The Oxford Medieval Graduate Conference would not have been possible this year without its committee and its sponsors. The organisers who have all done an amazing job are all postgraduate or early career Oxford medievalists from different Faculties (History, English, Music, and Medieval and Modern Languages): Caroline Batten, Anna Boeles Rowland, Hannah Bower, Henry Drummond, Sarah Griffin, Pauline Souleau, and Sian Witherden. The team was amazing and strong friendship bonds were woven which I am sure will produce more interdisciplinary collaboration in the future. All Committee members either presented at or organised the OMGC in 2016 and I am confident that some of this year’s speakers will take part in the OMGC 2018 organisation (which will be on Animals). The conference sponsors (Merton College; the Arts and Humanities Research Council; the Faculties of Music, English, and Medieval and Modern Languages at the University of Oxford; the Oxford Research Centre in the Humanities; and the Society for the Study of Medieval Languages and Literature) provided the necessary support to ensure minimum registration cost for our delegates and travel bursaries for our speakers.

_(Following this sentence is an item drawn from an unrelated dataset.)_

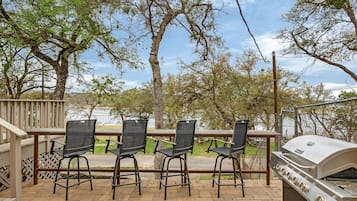 An outdoor patio with three chairs, a grill, and a view of trees and a body of water.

I will end this rapid overview with the very last panel which focused on Cycles in life, death, and narratives. One question that was asked was: does Time just repeat itself or is there change? In the case of the OMGC, both aspects are present: Time does repeat itself as in 2018 there will be an Oxford Medieval Graduate Conference as there has been for the past thirteen years; there is also room for change from one theme to another and from one generation of postgraduate/early career academics to the next.

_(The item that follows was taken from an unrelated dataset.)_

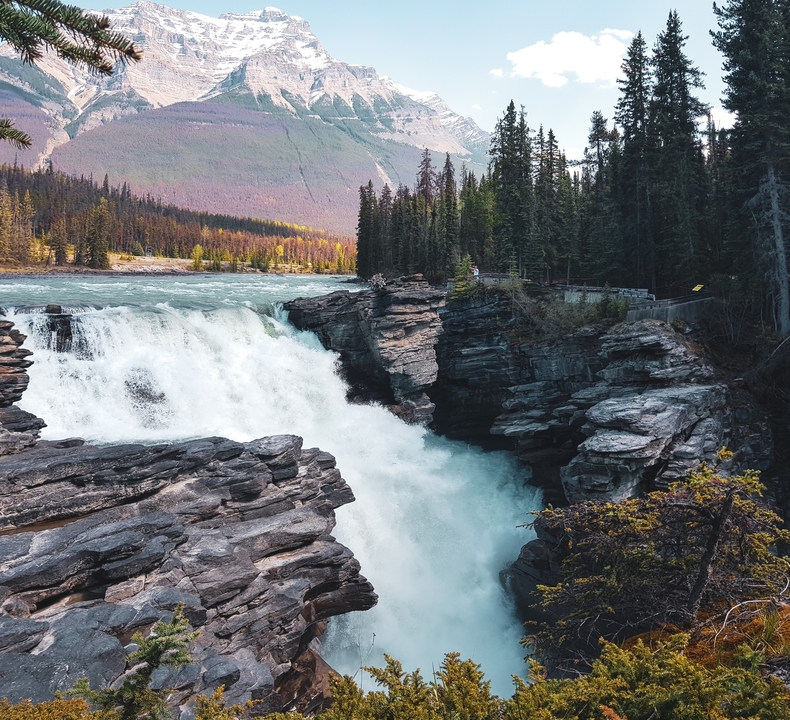 Cascade pittoresque entourée de falaises rocheuses et de forêt.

Mourning in Italian Poetry from the Medieval to the Modern Christ Church, Oxford, 4 March 2017

By Rebecca Bowen and Nicolò Crisafi

The conference Mourning in Italian Poetry from the Medieval to the Modern was organised and led by Adele Bardazzi, Jennifer Rushworth, and Emanuela Tandello with the support of Christ Church and St John’s College, the Faculty of Medieval and Modern Languages at Oxford, the Society of Italian Studies, and in association with Oxford Medieval Studies sponsored by The Oxford Research Centre in the Humanities.

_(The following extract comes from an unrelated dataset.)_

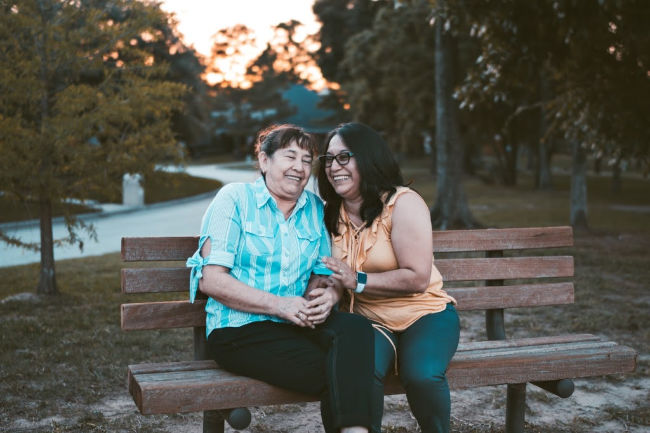 two women laughing together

The conference happened to coincide with the recent publication of Rushworth’s Discourses of Mourning in Dante, Petrarch and Proust which truly rests on the Medieval and the Modern. In practice, the conference pivoted on the two centuries from Giacomo Leopardi to the living poets Antonella Anedda and Jamie McKendrick, who crowned the event with a bilingual reading of each other’s work and its translation. The Middle Ages were nonetheless an intertextual presence, brought out in the Q&A sessions when not in the papers.

The event was designed to encourage this: speakers and participants sat together around the table in the Kidd Room at Christ Church; a selection of secondary literature was circulated in advance, and a small booklet of poems referenced was handed out on the day to ensure that everyone could be on the same page. These careful details were successful in making the conference also a conversation.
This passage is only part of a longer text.